The managing director appealed to the Court of Appeal who unanimously dismissed the appeal. Of particular interest was Arden LJ’s conclusion that: “the powers of a managing director were not statutorily defined. Mr Butler’s powers were not defined by the parties when he was appointed. Although the judge’s conclusions concerning the powers of a managing director were correct, the inquiry ought to have proceeded not from the special provisions of the company’s articles as to quorum but from the provisions of its articles setting out the powers of the board to appoint a managing director. The company’s articles of association provided the board of directors with the power to appoint a managing director, to delegate any of their powers to him and for that delegation to have the effect of excluding the director’s own powers. However, Mr Butler was simply appointed as managing director by a contract of employment and there was no express delegation of any specific powers by the board to him. It was clearly intended that some powers should be implicitly delegated to him, but it would be unusual for the powers of the board to be excluded and so the implied delegation of powers to Mr Butler could not be interpreted as having that effect.”

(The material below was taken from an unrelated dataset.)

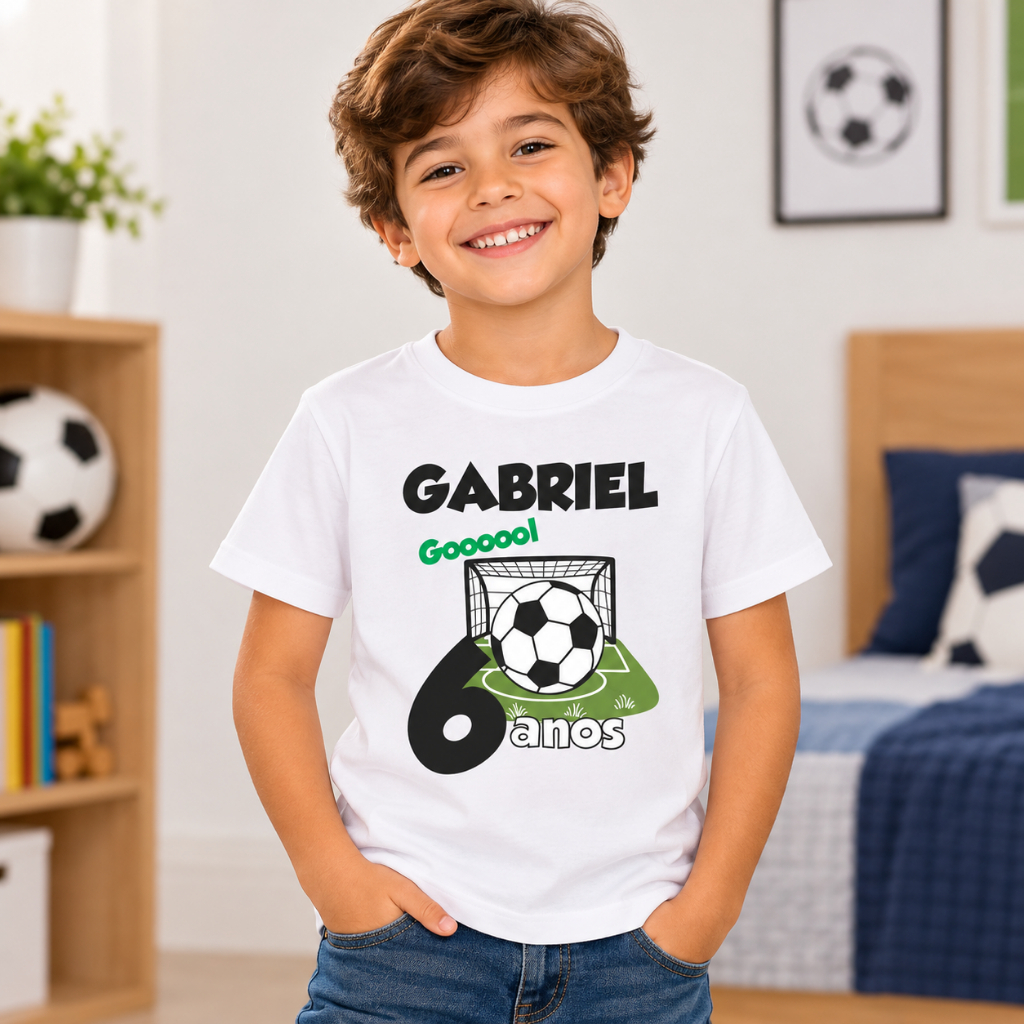 Camiseta futebol Bola na Rede aniversário - Informar Nome e Idade
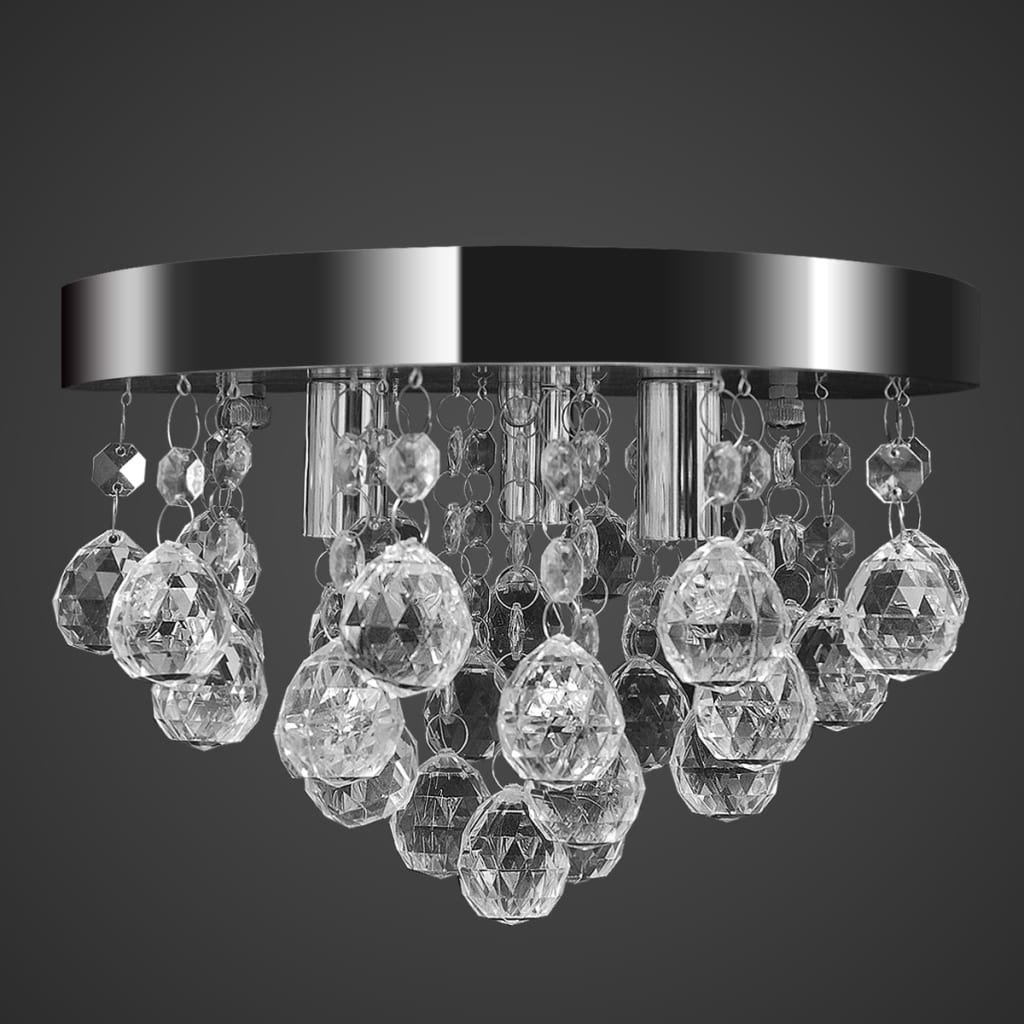 vidaXL Ceiling lamp chandelier design crystal chrome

While this is interesting to a lawyer, in practical terms, companies are made up of the individual people that make up the board or the members. Relationship management, trust, communication and understanding are the key factors to consider from a risk-management perspective – particularly as every corporate body has the potential to descend into in-fighting when relationships break down. The law provides a range of rights, obligations and duties on directors and shareholders, but ultimately it is the shareholders who wield ‘power’ as the beneficial owners of the company.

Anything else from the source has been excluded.